I walked the West Fork trail as autumn stood in its fullness. The forest was layered with color—gold pressed against yellow, red resting beside brown—each holding its place in quiet contrast to the winter that waited beyond them. Soon the leaves would loosen their hold, one by one, and make their way to the forest floor, remaining only briefly before they were drawn down and folded back into the surface from which they came. Nothing hurried them. Nothing resisted the order that carried them.
As I walked, a thought rose without urgency. I wondered what such a scene would appear to one who could not see color. If the forest were reduced to a single tone, if all difference were flattened into sameness, what would remain of its beauty? And from there my thoughts turned outward—to people, to crowds—and I asked what they might appear to the eye if color were absent there as well. If skin bore no variation. If black, white, brown, and all between were gathered into one indistinguishable shade, what judgments would fall away simply because they could no longer find a surface on which to rest.

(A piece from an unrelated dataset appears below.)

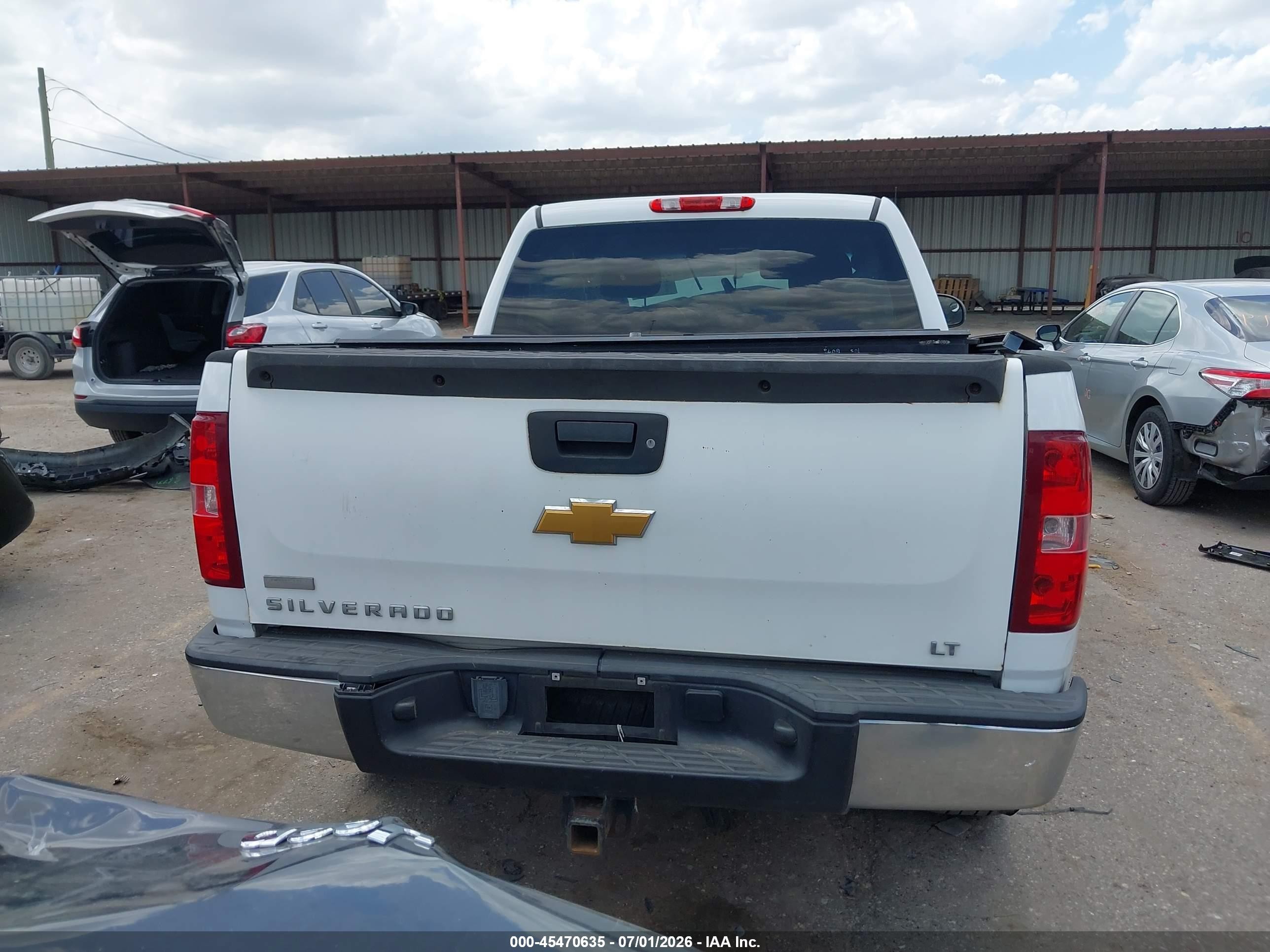 2012 Chevrolet Silverado 1500 Lt White vin: 3GCPCSE07CG117813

The thought carried with it an unexpected sense of loss.
Some would disagree. There are those who believe that removing distinction is the same as restoring justice. Yet standing among the trees, I felt otherwise. There is beauty in color, and not one hue stands alone. Each complements the whole. Each carries its own history, its own shape of tradition and character, and together they form a presence richer than any single tone could offer. When allowed to remain within the frame, the landscape becomes fuller, not divided.
To remove such difference by our own hand is not neutrality; it is diminishment. To press any one part lower because of assumption or fear is not order; it is a failure of intent. Such acts do not rise from necessity, but from something smaller, something willing to trade beauty for control. When this occurs, the ground begins to slope toward darker ends, and what is lost is not only justice, but sight itself.

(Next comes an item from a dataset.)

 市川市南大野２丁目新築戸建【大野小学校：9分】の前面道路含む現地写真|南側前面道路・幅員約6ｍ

Walking on, the resolve came quietly.
Prejudice does not arise from color. Color is not the wound; it is the gift. It is what gives the world its depth and its resonance. Equality, then, cannot mean reducing all things to sameness. It means granting equal regard. It means standing before the landscape—whether forest or humanity—and allowing every part its place without erasure, without elevation, without dismissal.
To walk among the trees in autumn is to understand this without effort. Nothing is removed to improve the view. Nothing is asked to fade early for the sake of balance. Each is allowed to stand, and in standing, the whole is made complete.